§ **Activity**
Write down exactly the lines from the one below that has "Linen Instax Mini" to the end of the data, both ends included; the pictures should not appear in your copy.

_ _ _ _

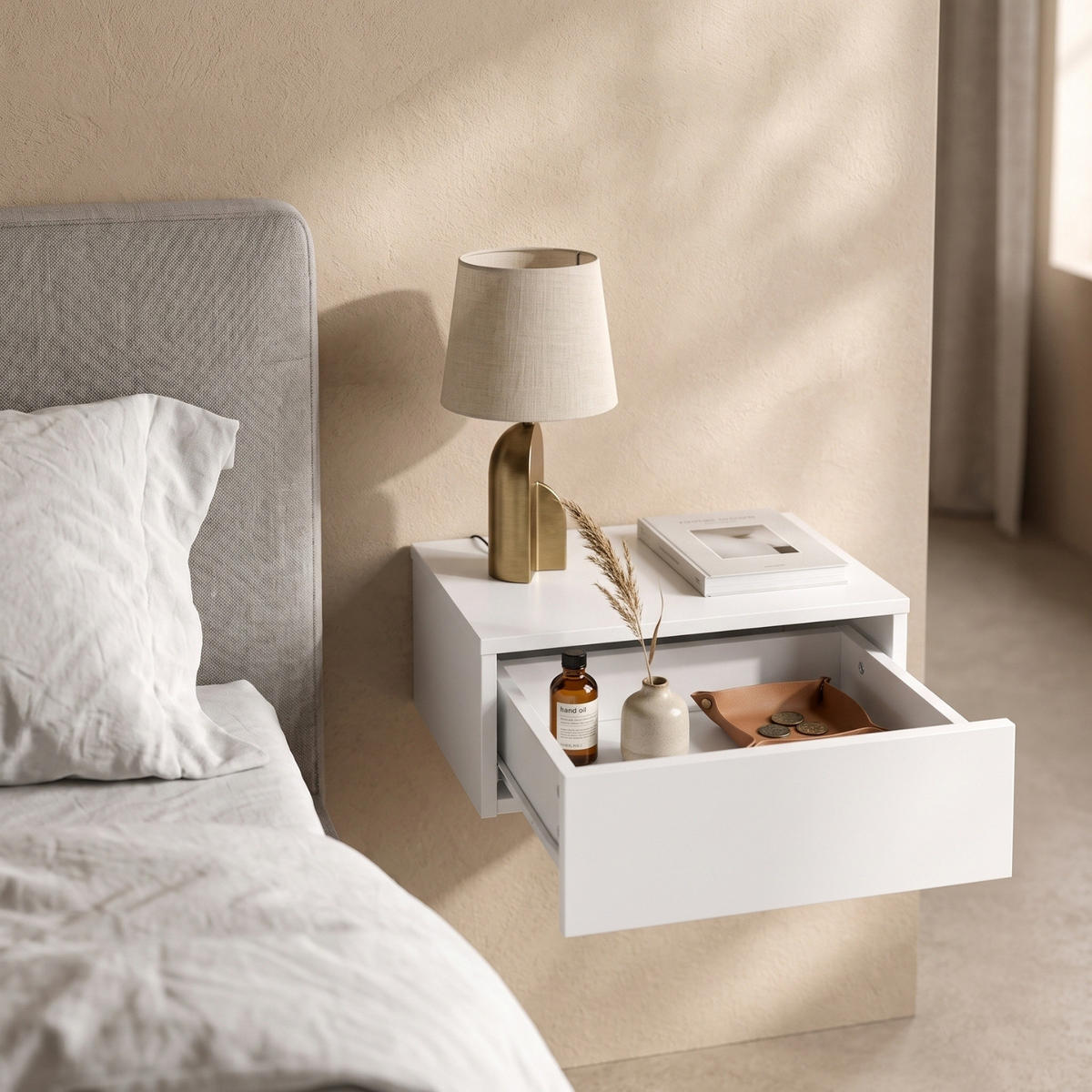WAND-NACHTTISCH mit Schublade 40/35/16 cm - Weiß, Holzwerkstoff (35/16/40cm) - SCENA LIVING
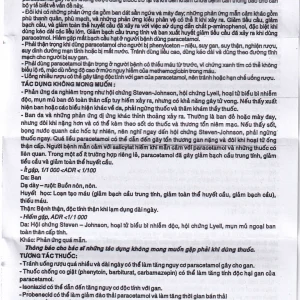 Viên nén Paracetamol 500mg Armepharco điều trị các chứng đau và sốt (10 vỉ x 10 viên)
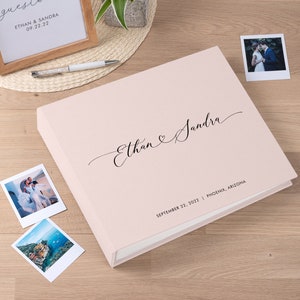 Linen Instax Mini Album | Blush Wedding Guest Book | Personalized Guestbook for all Instant Photos | Photo Booth Book for 2x6, 4x6 Photos
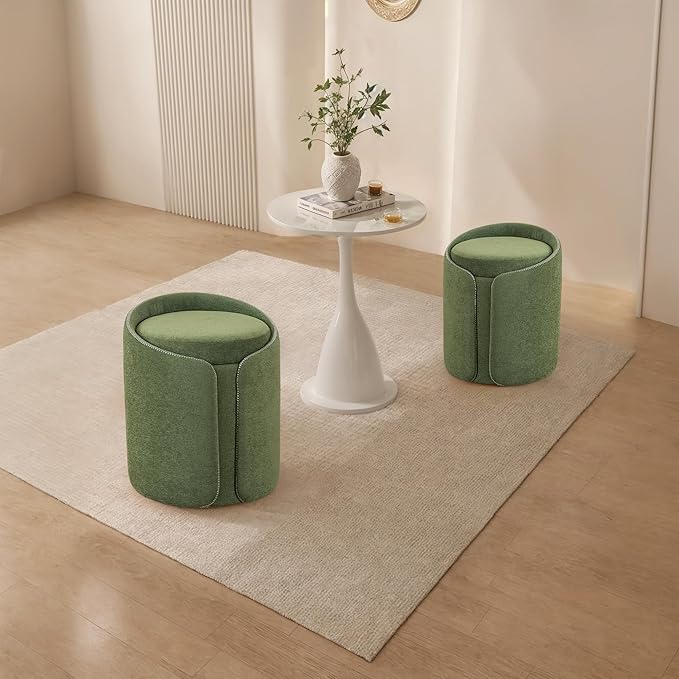 Swivel Vanity Stool with Gold Base Comfy Vanity Chair Modern Round Stool for Makeup Vanity Ottoman Foot Rest for Bedroom livingroom, Green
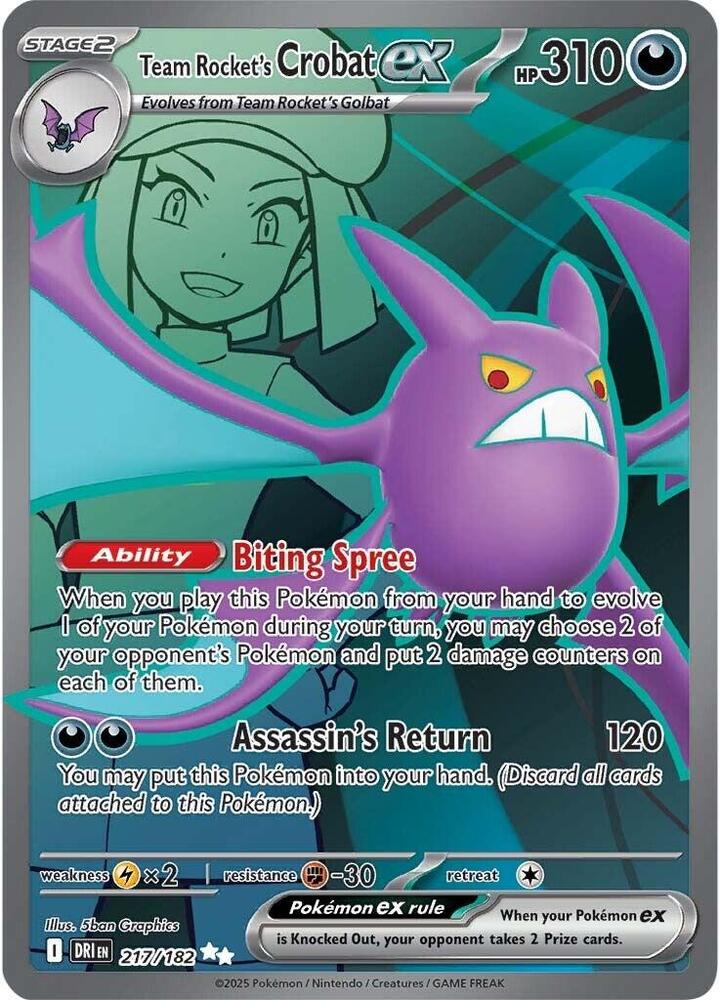 Team Rocket's Crobat ex 217/182 - Destined Rivals Pokémon TCG card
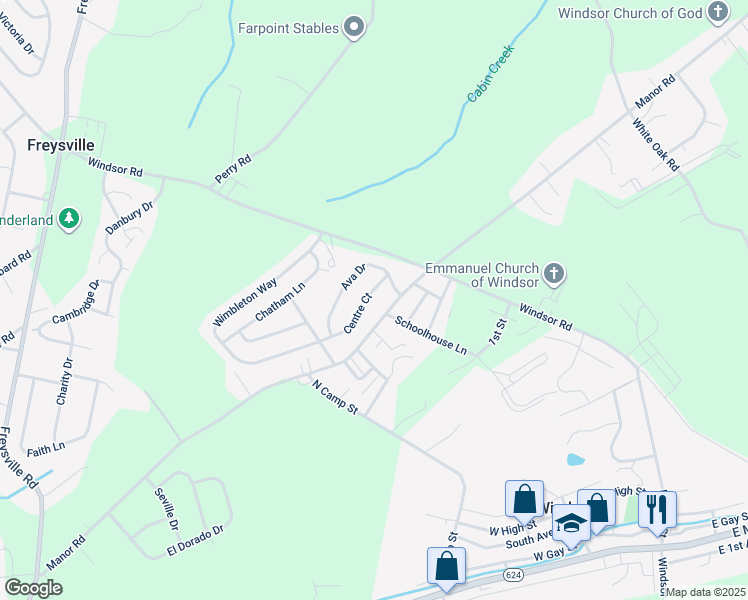 map of restaurants, bars, coffee shops, grocery stores, and more near 105 Centre Court in Red Lion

_ _ _ _

§ **Response box**
 Linen Instax Mini Album | Blush Wedding Guest Book | Personalized Guestbook for all Instant Photos | Photo Booth Book for 2x6, 4x6 Photos
 Swivel Vanity Stool with Gold Base Comfy Vanity Chair Modern Round Stool for Makeup Vanity Ottoman Foot Rest for Bedroom livingroom, Green
 Team Rocket's Crobat ex 217/182 - Destined Rivals Pokémon TCG card
 map of restaurants, bars, coffee shops, grocery stores, and more near 105 Centre Court in Red Lion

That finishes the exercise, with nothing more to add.